◆ INSTRUCTIONS FOR THE TASK:
Each line from the one containing "Convite Itinerário de" through the final line below must be reproduced exactly, and no others.

◆ Records from a data source:
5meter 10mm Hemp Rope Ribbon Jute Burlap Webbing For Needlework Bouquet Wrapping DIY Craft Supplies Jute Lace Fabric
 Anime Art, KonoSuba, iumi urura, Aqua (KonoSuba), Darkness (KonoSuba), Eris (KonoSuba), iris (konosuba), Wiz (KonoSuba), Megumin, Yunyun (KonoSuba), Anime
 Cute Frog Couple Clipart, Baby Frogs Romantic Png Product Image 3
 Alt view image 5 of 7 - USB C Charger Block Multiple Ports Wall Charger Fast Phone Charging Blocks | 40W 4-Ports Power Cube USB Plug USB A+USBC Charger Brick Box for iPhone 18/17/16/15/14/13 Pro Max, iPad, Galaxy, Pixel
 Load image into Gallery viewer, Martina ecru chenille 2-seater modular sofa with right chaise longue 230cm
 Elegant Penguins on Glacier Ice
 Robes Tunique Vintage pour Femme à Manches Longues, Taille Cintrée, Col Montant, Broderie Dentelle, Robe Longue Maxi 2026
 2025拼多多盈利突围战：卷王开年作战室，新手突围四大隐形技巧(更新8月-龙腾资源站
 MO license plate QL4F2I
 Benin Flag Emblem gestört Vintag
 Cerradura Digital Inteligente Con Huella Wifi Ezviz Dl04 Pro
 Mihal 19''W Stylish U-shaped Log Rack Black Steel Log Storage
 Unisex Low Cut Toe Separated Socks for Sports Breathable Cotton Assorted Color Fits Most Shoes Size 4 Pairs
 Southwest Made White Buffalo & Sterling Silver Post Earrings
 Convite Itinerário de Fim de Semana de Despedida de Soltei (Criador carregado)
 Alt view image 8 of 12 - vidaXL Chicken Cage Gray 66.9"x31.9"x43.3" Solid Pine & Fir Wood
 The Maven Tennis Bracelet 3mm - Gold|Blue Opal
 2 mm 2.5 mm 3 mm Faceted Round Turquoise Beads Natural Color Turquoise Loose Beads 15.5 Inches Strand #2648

◆ YOUR SOLUTION:
 Convite Itinerário de Fim de Semana de Despedida de Soltei (Criador carregado)
 Alt view image 8 of 12 - vidaXL Chicken Cage Gray 66.9"x31.9"x43.3" Solid Pine & Fir Wood
 The Maven Tennis Bracelet 3mm - Gold|Blue Opal
 2 mm 2.5 mm 3 mm Faceted Round Turquoise Beads Natural Color Turquoise Loose Beads 15.5 Inches Strand #2648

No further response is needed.